> THE DATA:

********************

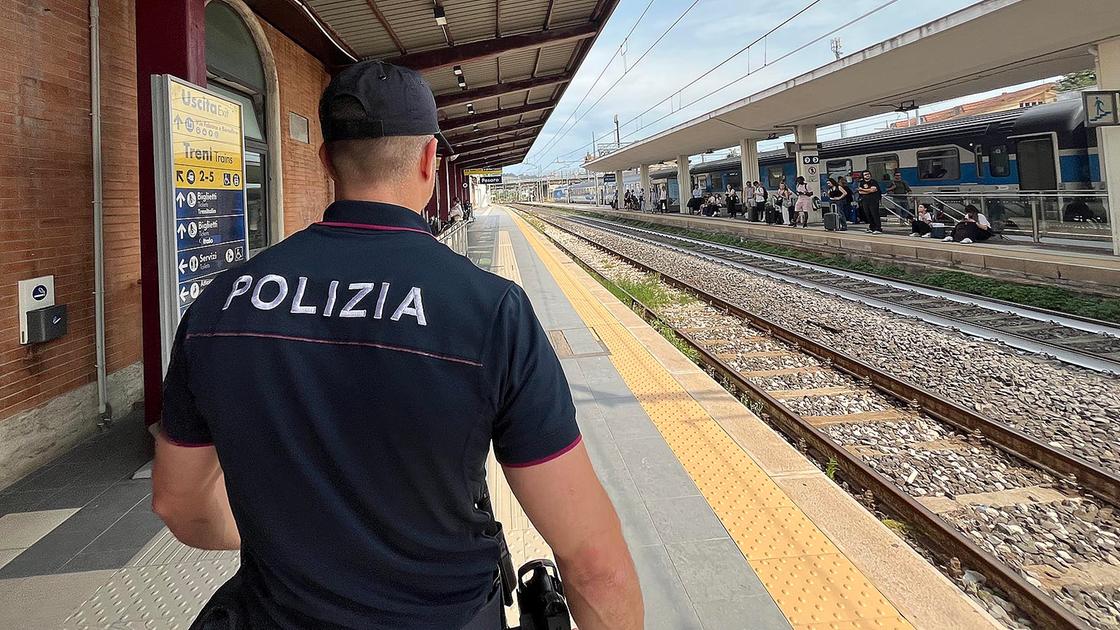 Paura sui binari a Vernio: c’è un ostacolo e il treno lo urta. L’ipotesi: messo lì da teppisti Paura sui binari a Vernio: c’è un ostacolo e il treno lo urta. L’ipotesi: messo lì da teppisti
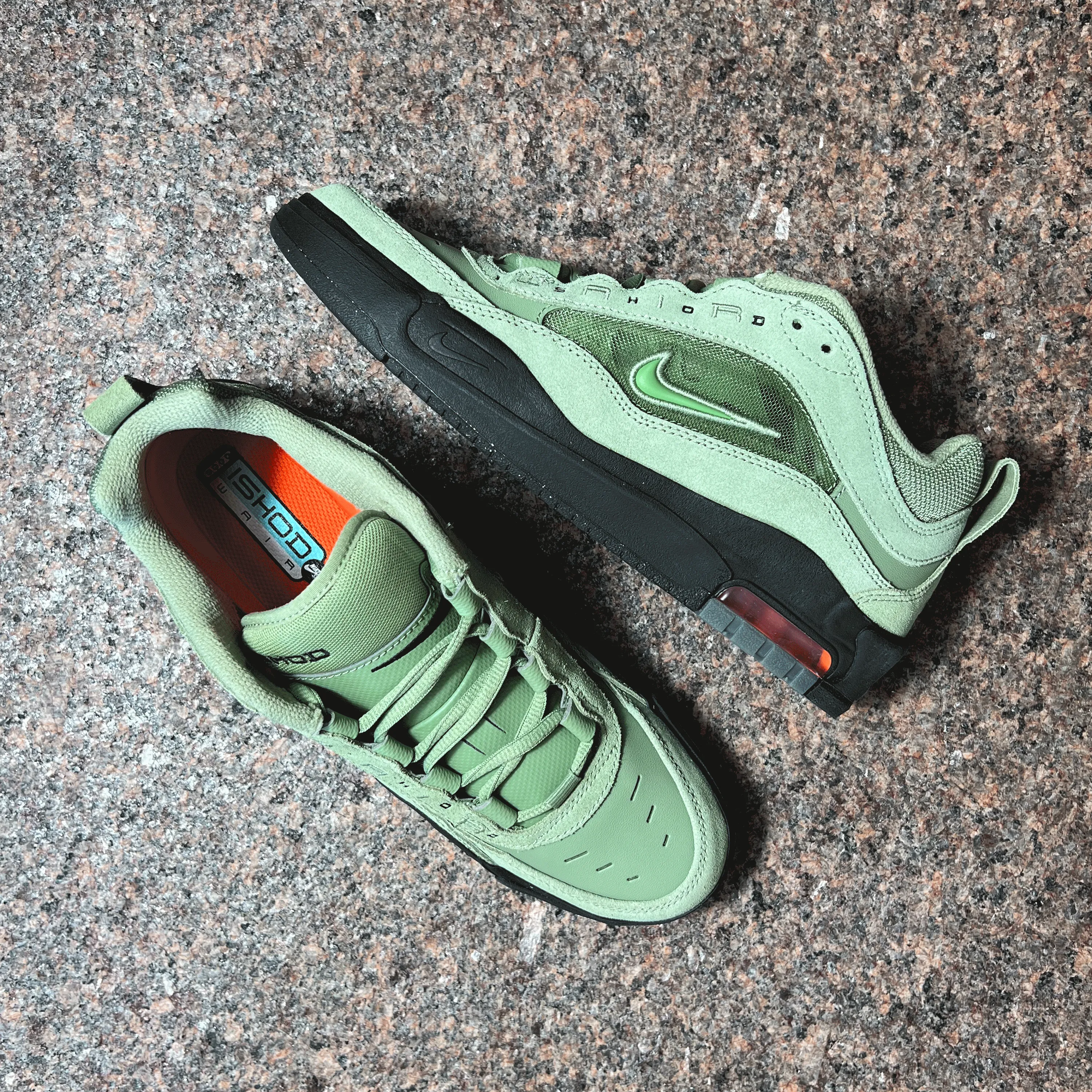 AIR MAX ISHOD - OIL GREEN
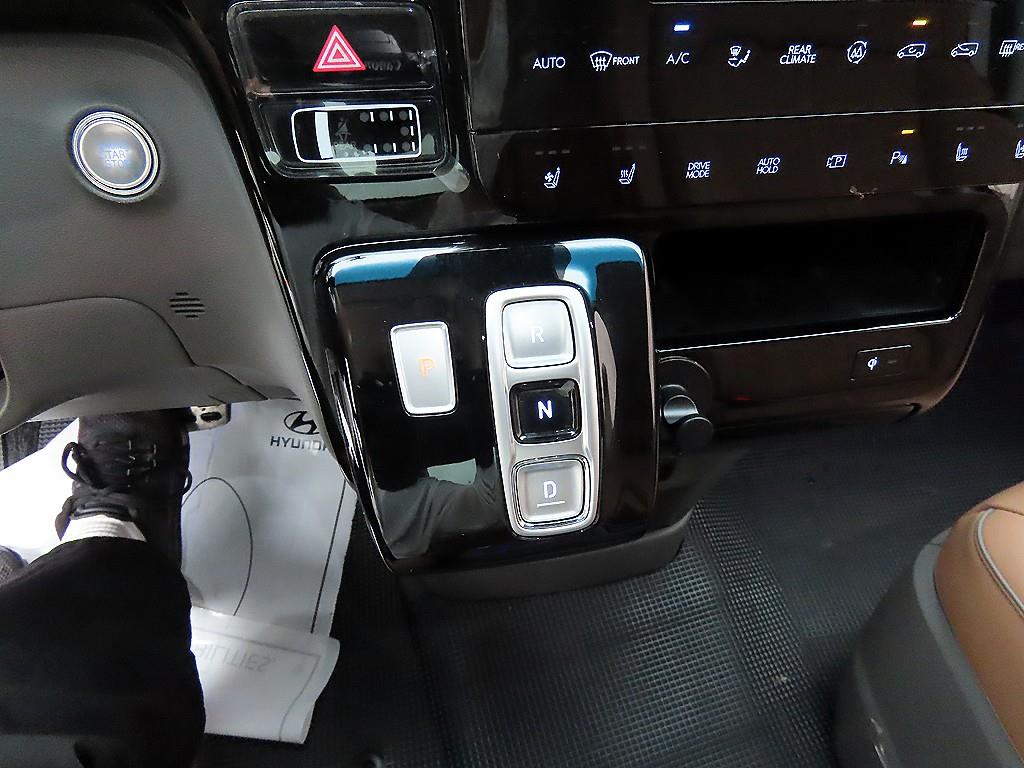 HYUNDAI Staria - Vista 11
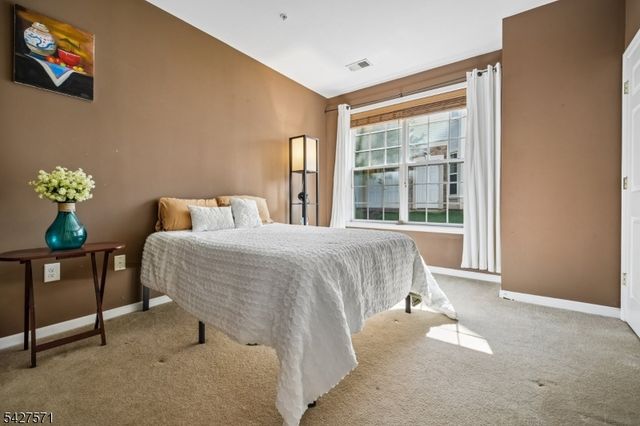 3 Slate Ct D-1, Woodland Park, NJ 07424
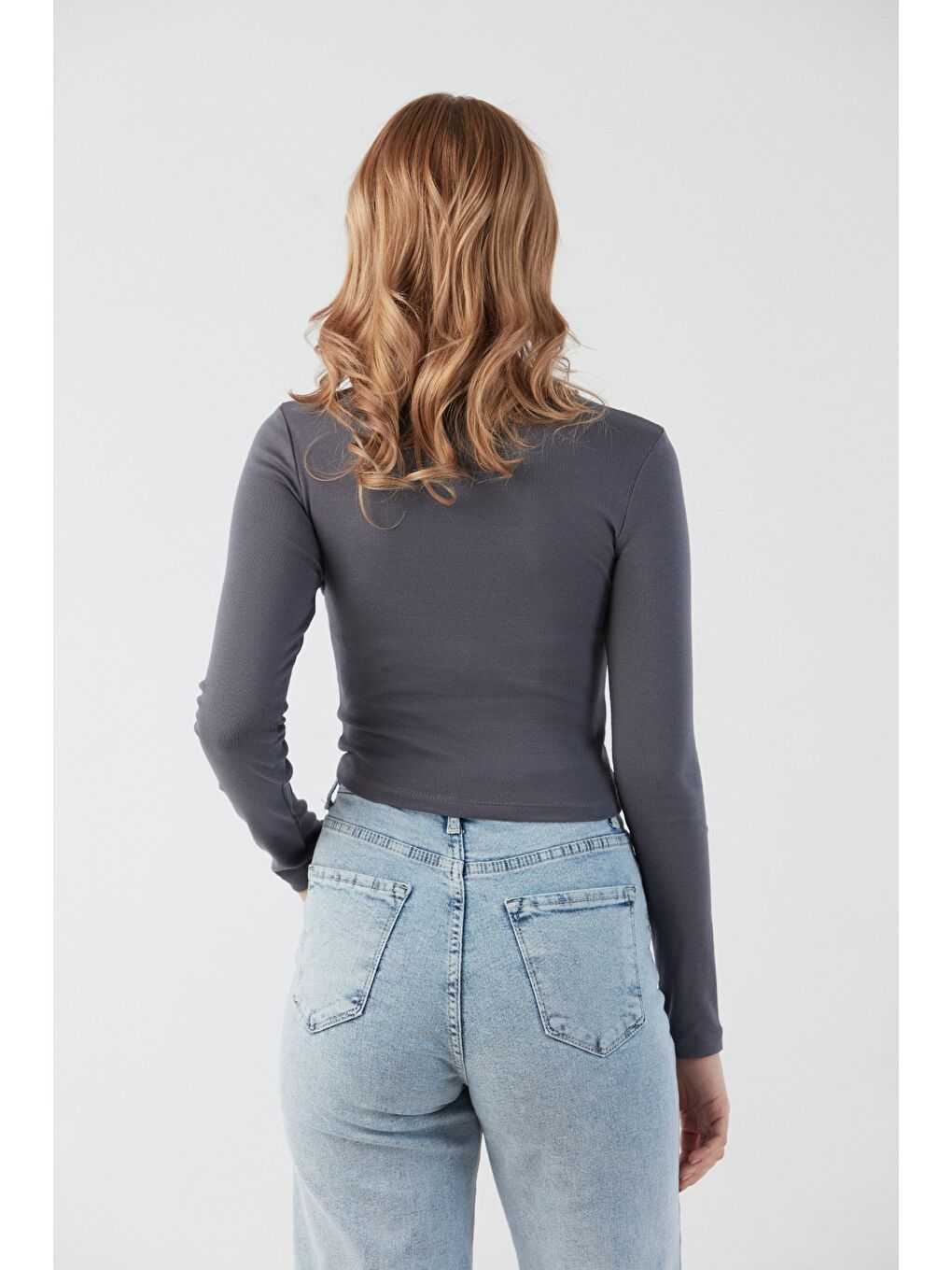 Antrasit Basic Crop Body-3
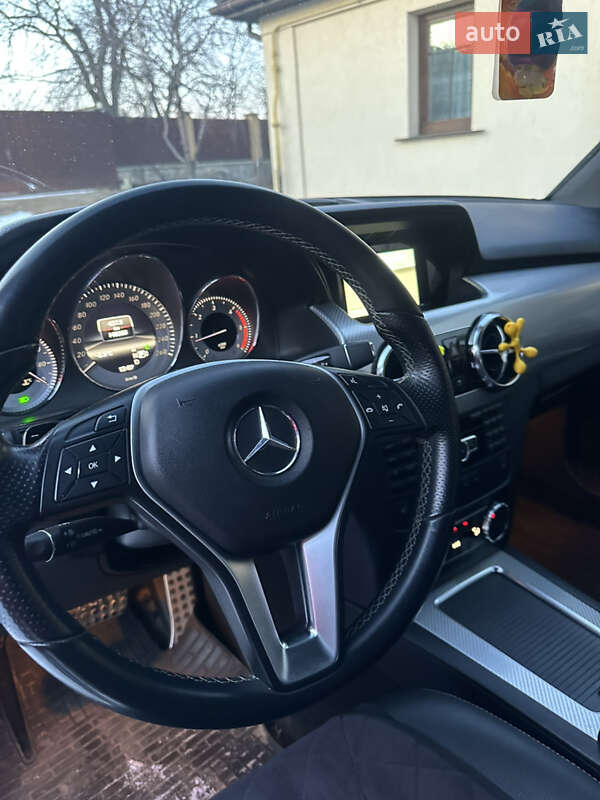 Mercedes-Benz GLK-Class 2012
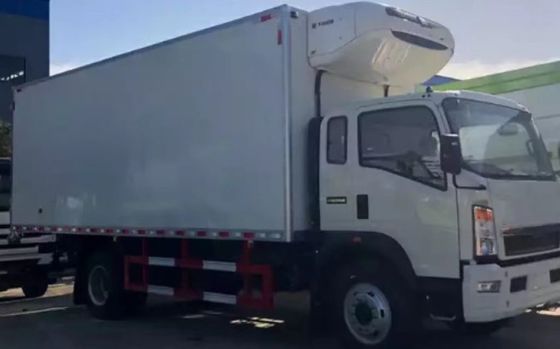 6 Wheeler Reefer Refrigerated Truck Cargo 26ft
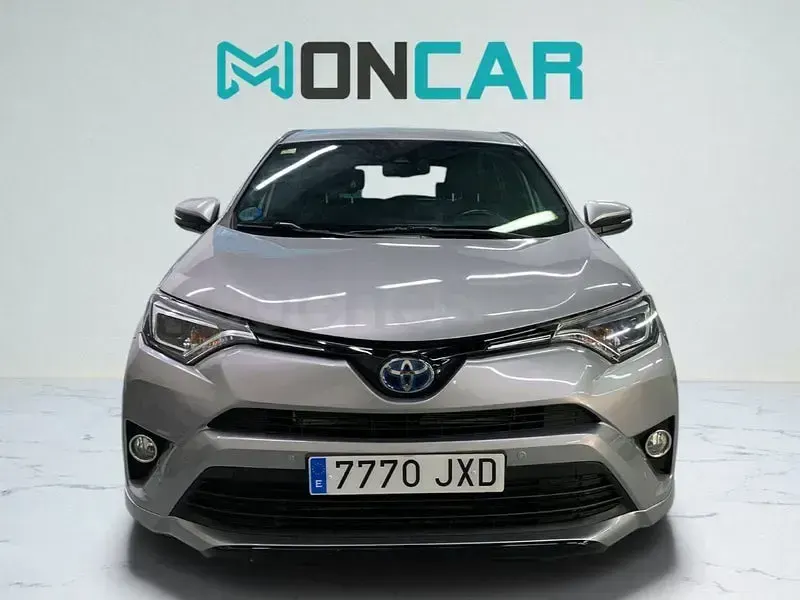 Usado Toyota RAV4 Hybrid 197 CV (144 kW) 2017 Blanco SUV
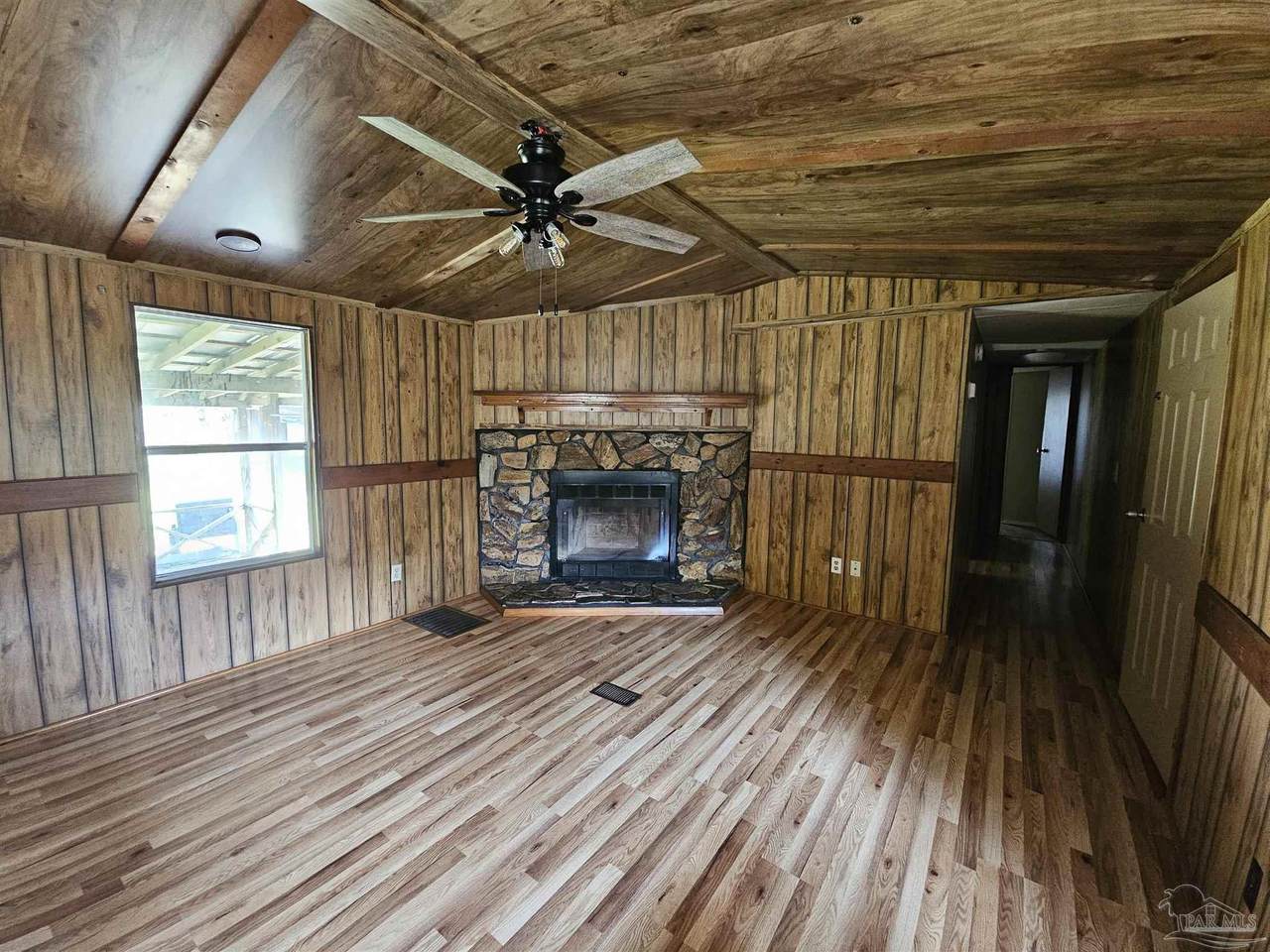 https://bt-photos.global.ssl.fastly.net/pensacola/1280_boomver_1_686660-2.jpg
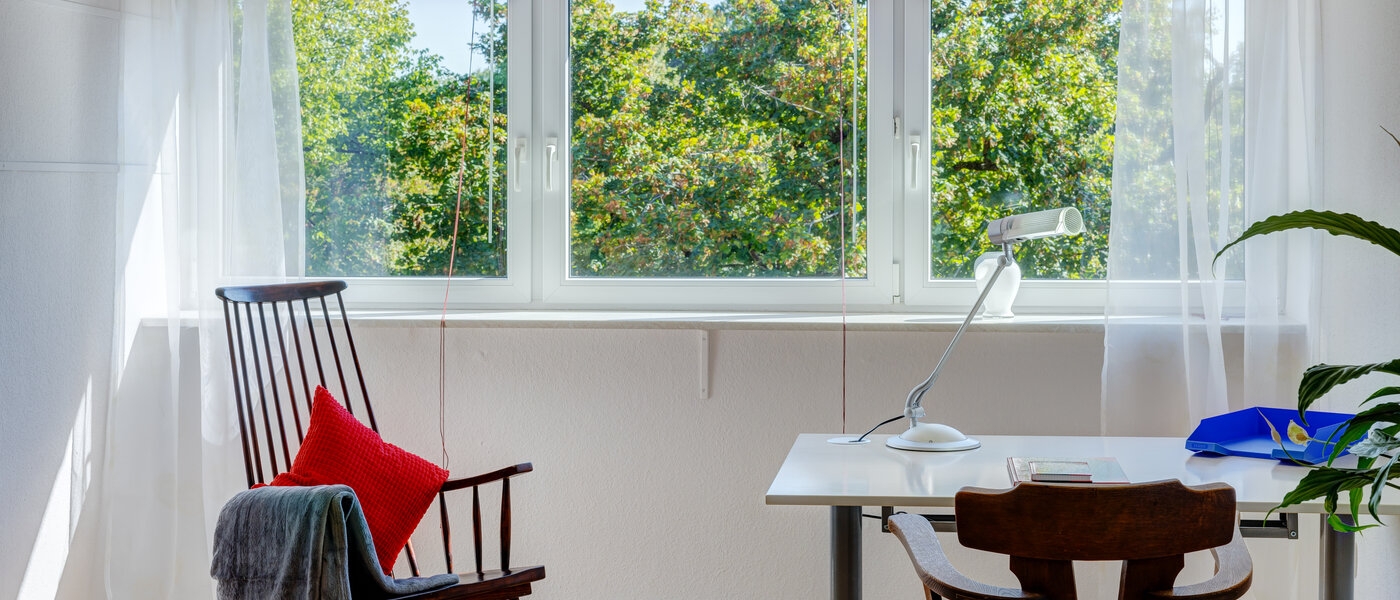 アティック・フラット（屋根裏） München Nymphenburg 01 リビングエリア 13654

********************

> EXERCISE DESCRIPTION: Give back the whole listing exactly as it stands. No pictures belong in the copy.

> YOUR RESPONSE:
 Paura sui binari a Vernio: c’è un ostacolo e il treno lo urta. L’ipotesi: messo lì da teppisti Paura sui binari a Vernio: c’è un ostacolo e il treno lo urta. L’ipotesi: messo lì da teppisti
 AIR MAX ISHOD - OIL GREEN
 HYUNDAI Staria - Vista 11
 3 Slate Ct D-1, Woodland Park, NJ 07424
 Antrasit Basic Crop Body-3
 Mercedes-Benz GLK-Class 2012
 6 Wheeler Reefer Refrigerated Truck Cargo 26ft
 Usado Toyota RAV4 Hybrid 197 CV (144 kW) 2017 Blanco SUV
 https://bt-photos.global.ssl.fastly.net/pensacola/1280_boomver_1_686660-2.jpg
 アティック・フラット（屋根裏） München Nymphenburg 01 リビングエリア 13654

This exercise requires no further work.